### Collected material
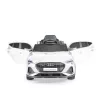 Moni Bo audi sportback elektromos autó 108cm fehér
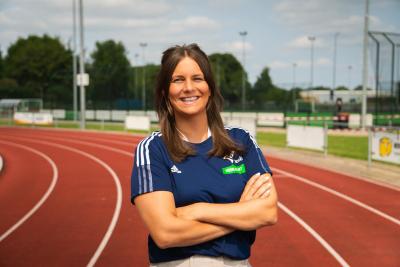 Portretfoto Sharon Rijk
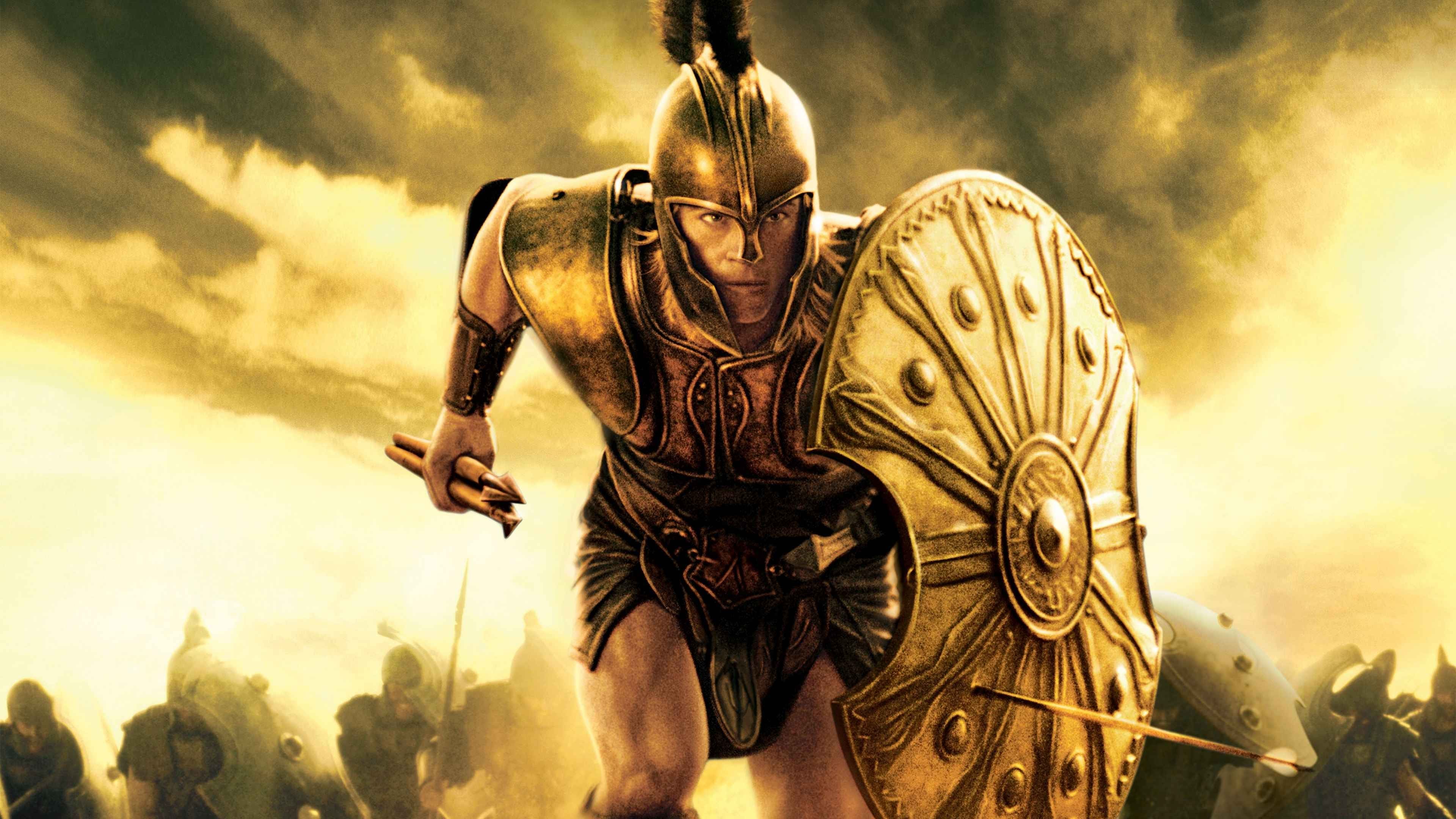 Troy Background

### What needs to be done
Down to the final line, restate the material above word for word, but omit its pictures.

### Exercise response
 Moni Bo audi sportback elektromos autó 108cm fehér
 Portretfoto Sharon Rijk
 Troy Background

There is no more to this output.